YOUR ASSIGNMENT: Every line below between the line holding "WATCH: White man" and the line holding "Gift basket in", inclusive, should be repeated exactly, and all other lines omitted.

RECORDS TO USE:
******************************
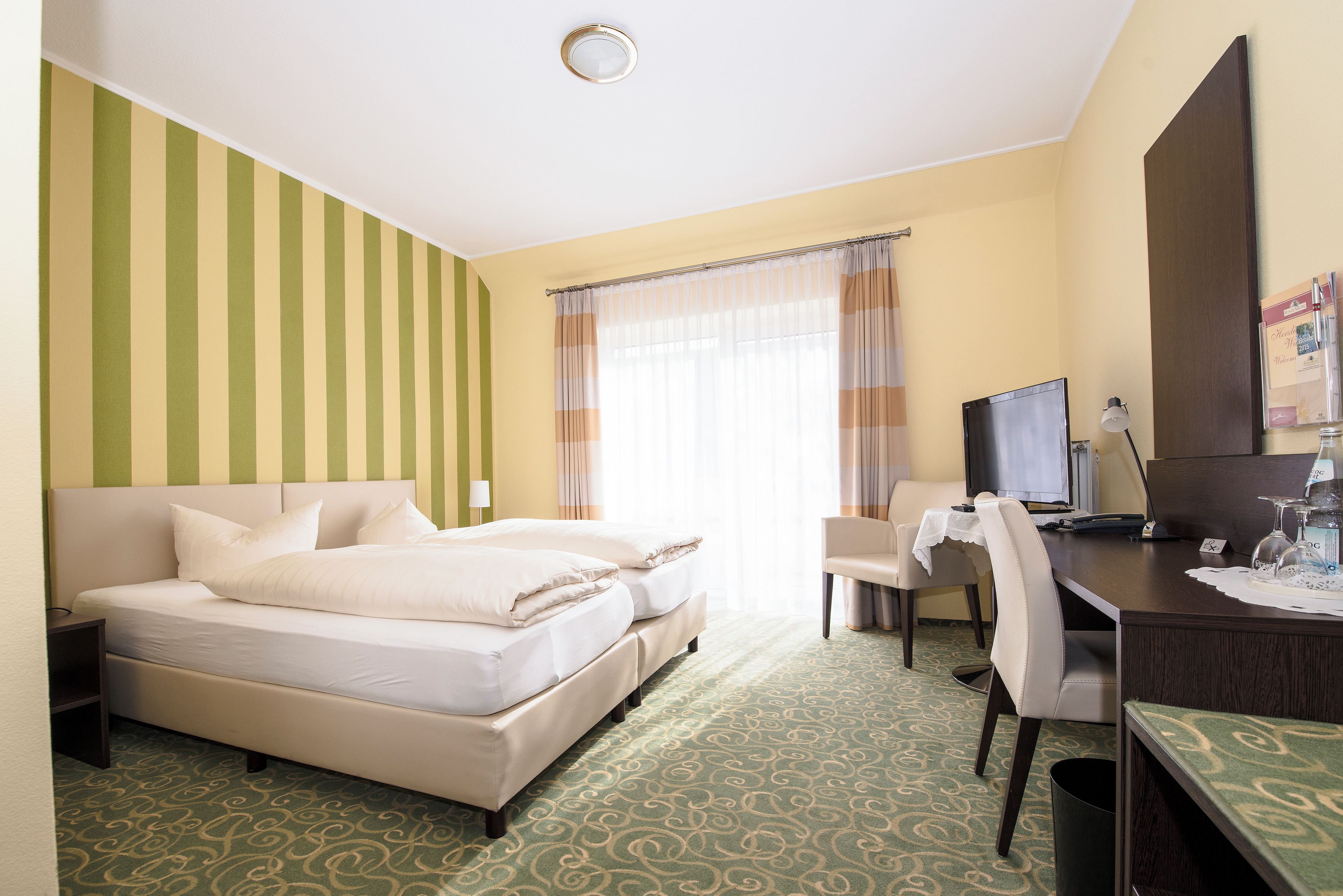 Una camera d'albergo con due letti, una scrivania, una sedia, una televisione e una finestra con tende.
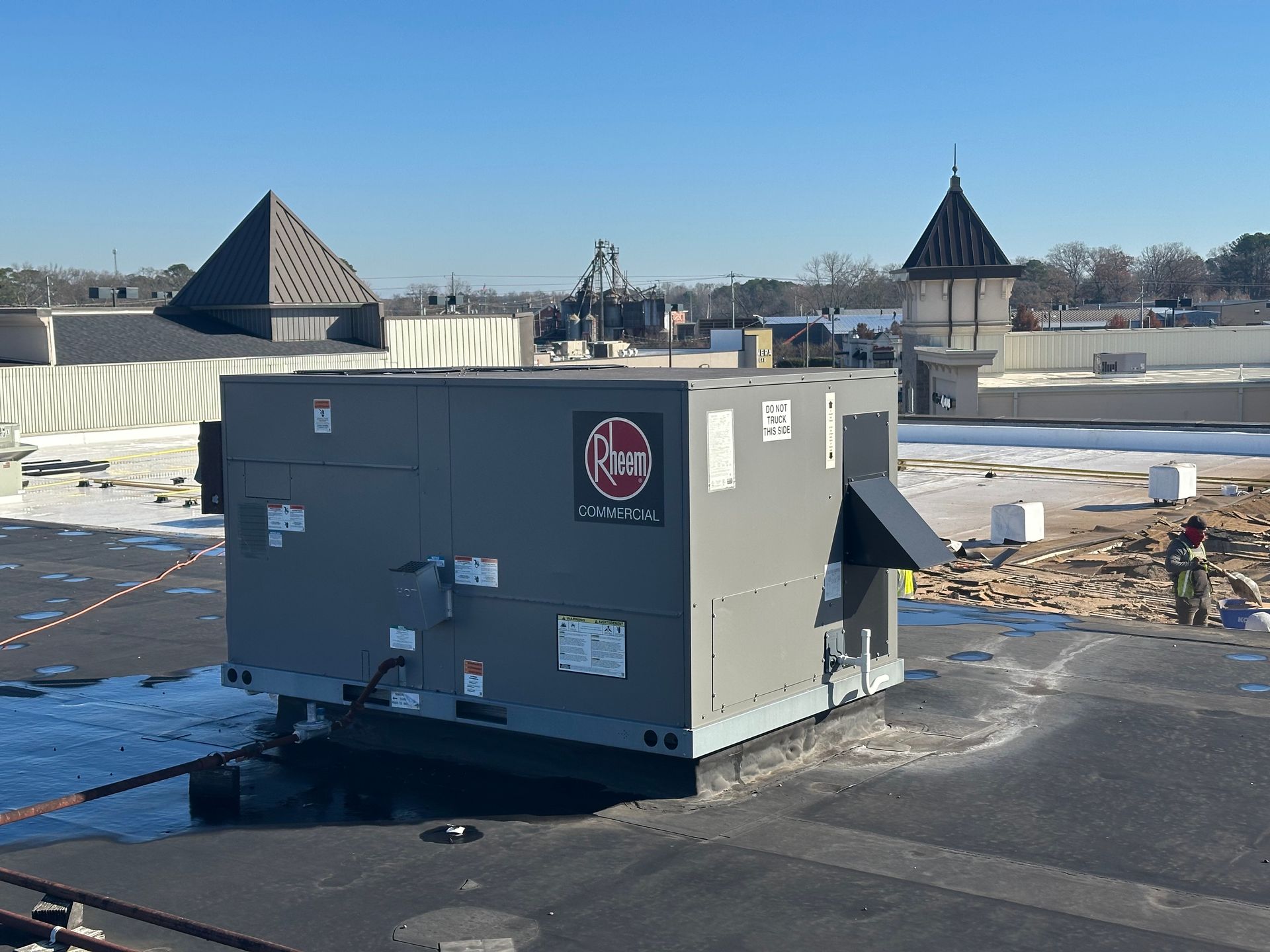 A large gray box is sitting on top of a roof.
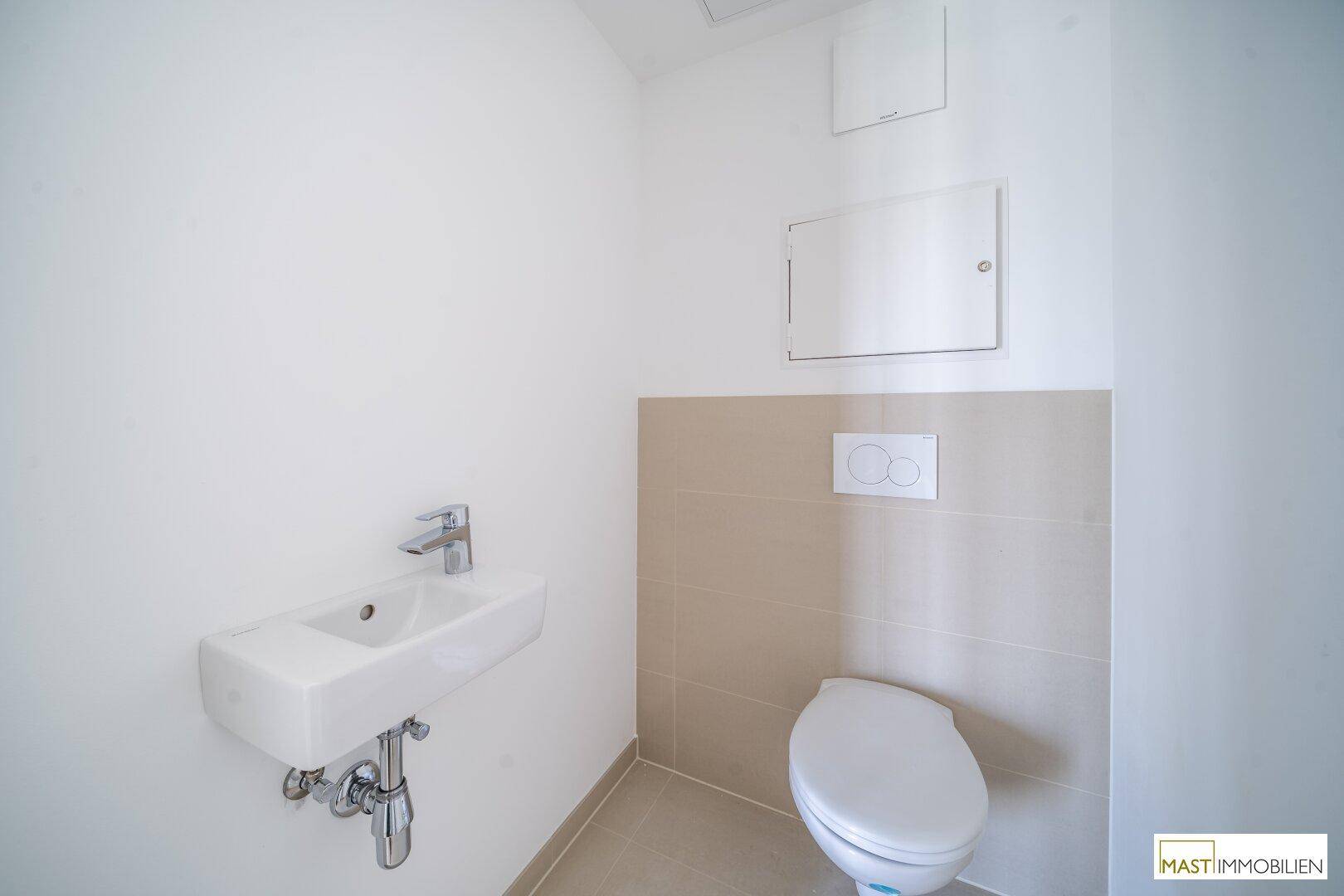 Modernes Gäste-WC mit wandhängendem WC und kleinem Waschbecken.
******************************
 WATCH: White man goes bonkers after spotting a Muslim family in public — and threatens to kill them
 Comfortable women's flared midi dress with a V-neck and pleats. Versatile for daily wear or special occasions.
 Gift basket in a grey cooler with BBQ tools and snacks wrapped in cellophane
******************************
SOLUTION FOR THIS TASK:
 WATCH: White man goes bonkers after spotting a Muslim family in public — and threatens to kill them
 Comfortable women's flared midi dress with a V-neck and pleats. Versatile for daily wear or special occasions.
 Gift basket in a grey cooler with BBQ tools and snacks wrapped in cellophane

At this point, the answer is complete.